## WHAT TO DO
A faithful copy of the listing below is needed, one that contains no pictures.

## DATA EXCERPT
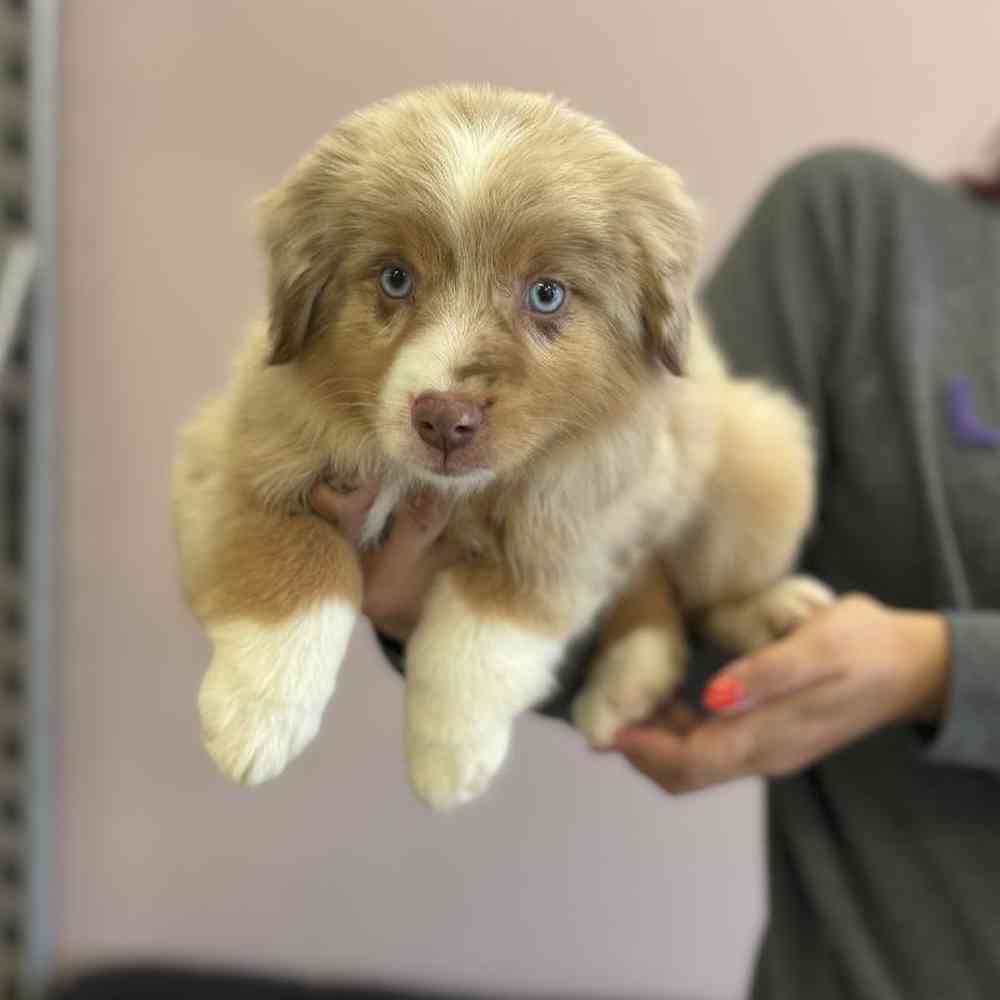 Female Mini Aussie Puppy for Sale in Scituate, RI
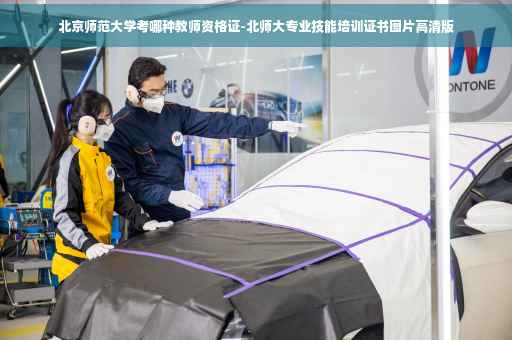北京师范大学考哪种教师资格证-北师大专业技能培训证书图片高清版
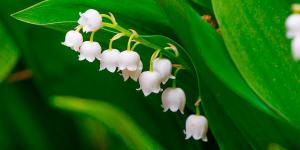 Comment planter et entretenir du muguet ?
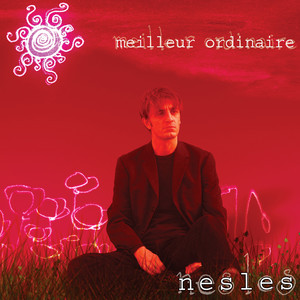 Nesles - Meilleur Ordinaire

## WRITTEN RESPONSE
 Female Mini Aussie Puppy for Sale in Scituate, RI
北京师范大学考哪种教师资格证-北师大专业技能培训证书图片高清版
 Comment planter et entretenir du muguet ?
 Nesles - Meilleur Ordinaire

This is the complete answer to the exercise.